Developing and Validating a Measure of Patient-centered Peripartum Contraceptive Care

$2.58M USD

Funder EUNICE KENNEDY SHRIVER NATIONAL INSTITUTE OF CHILD HEALTH & HUMAN DEVELOPMENT
Recipient Organization University of Michigan At Ann Arbor
Country United States
Start Date Sep 04, 2024
End Date Aug 31, 2026
Duration 726 days
Number of Grantees 1
Roles Principal Investigator
Data Source NIH (US)
Grant ID 10879253
Grant Description

PROJECT SUMMARY ABSTRACT Background: Contraceptive care is an essential component of maternity care. While patient-centeredness is a key aspect of the quality of contraceptive care, significant evidence suggests that many pregnant and postpartum (hereafter “peripartum”) individuals do not receive patient-centered contraceptive care and that

marginalized groups are disproportionately at risk of poor experiences. These poor experiences affect contraceptive use, birth spacing and risk of adverse birth outcomes. Addressing current shortcomings in peripartum contraceptive care requires robust metrics grounded in patient-centeredness and health equity, but

no such measures currently exist. Commonly used measures of peripartum contraceptive care focus only on the clinical outcome of contraceptive provision. Assessing quality through this measure alone—as opposed to alongside a measure of patient experience—can have unintended consequences of incentivizing the promotion

of contraception use or specific method types over individual patients’ preferences. Thus, there is critical need for new measures that can capture the patient-centeredness of contraceptive care among peripartum populations, overall and among key subgroups at disproportionate risk of non-patient-centered care.

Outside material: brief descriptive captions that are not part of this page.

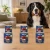 Zestaw 6 puszek karmy mokrej John Dog Dziczyzna z malinami Berry Line po 800 g obok psa w domu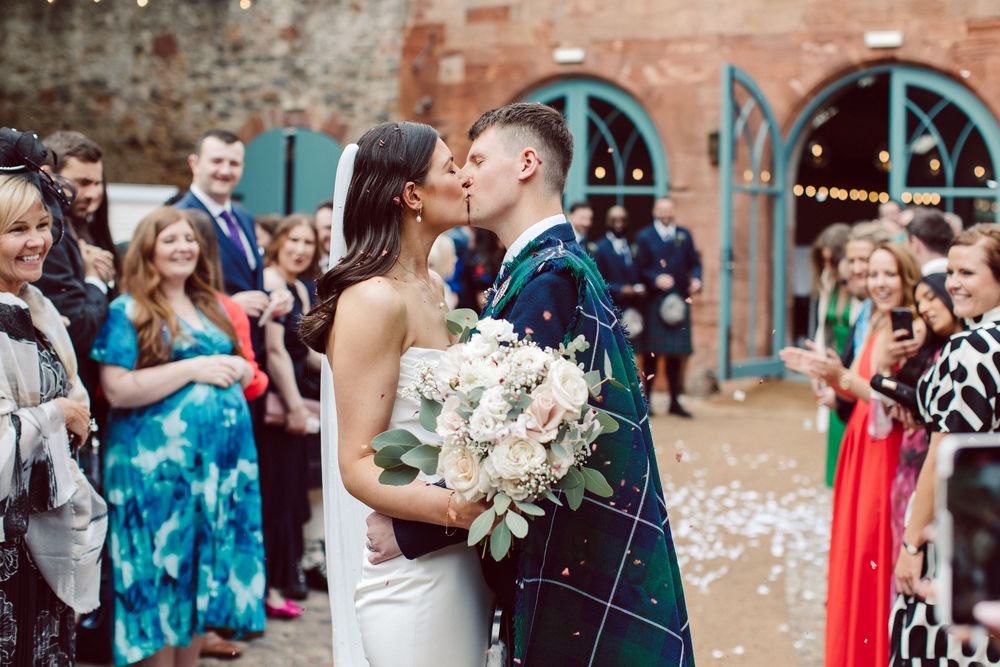 Wedding guests celebrate by throwing white flower petals in the air during an outdoor ceremony.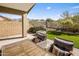 Relaxing backyard oasis with seating area, fire pit, and mountain views at 15165 N 102Nd Way, Scottsdale, AZ 85255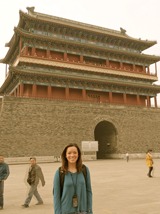 Maria Escuela next to a temple in China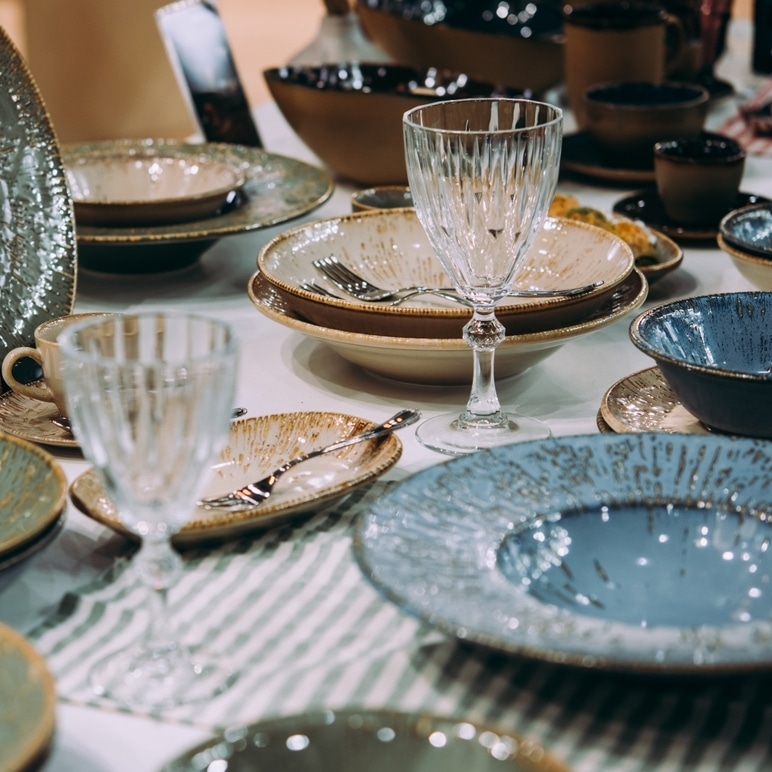 Art de la Table : Vaisselle Artisanale et Verres en Cristal Vaisselle artisanale en céramique et verres en cristal sur une table élégamment dressée.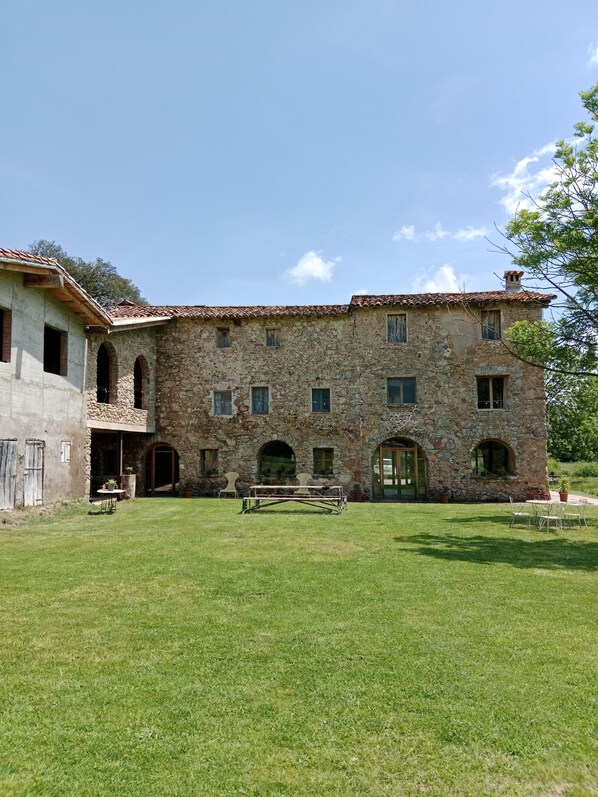 A stone building with a tiled roof, multiple windows, and a grassy courtyard with outdoor seating.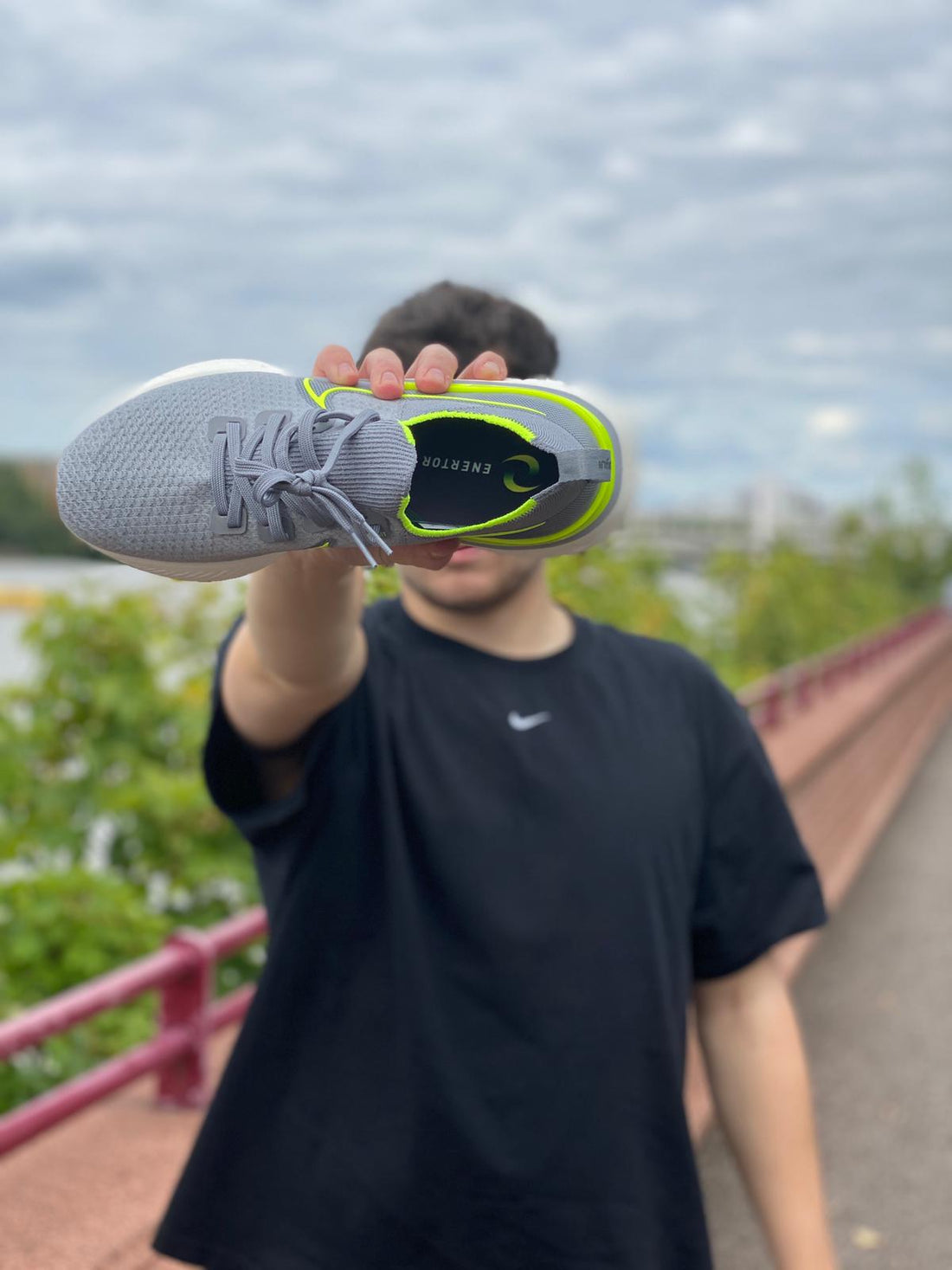 Enertor Insoles in a running shoe with a man wearing a black nike t-shirt in Battersea park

Approach: The objective of this proposal is to develop a novel, psychometrically validated measure of the patient experience of peripartum contraceptive care, the Patient-centeredness of Peripartum Birth control Counseling (PPBC) measure. To achieve this objective, we will first adapt an existing patient-reported outcome

measure to the unique peripartum context, using modified Delphi methods with patient and expert stakeholders and cognitive interviews with patients (Aim 1). We will then administer the prototype measure developed in Aim 1 to a large sample of peripartum individuals, to assess and confirm factor structure, evaluate reliability and

external validity, and develop a refined measure of the patient experience of peripartum contraceptive care (Aim 2). Impact: Findings from this proposal hold promise to ultimately transform the ability of health systems and researchers to understand and promote patient-centered, equitable peripartum contraceptive care delivery and

thereby improve health outcomes for the 4 million mothers and infants receiving perinatal care in the U.S. annually.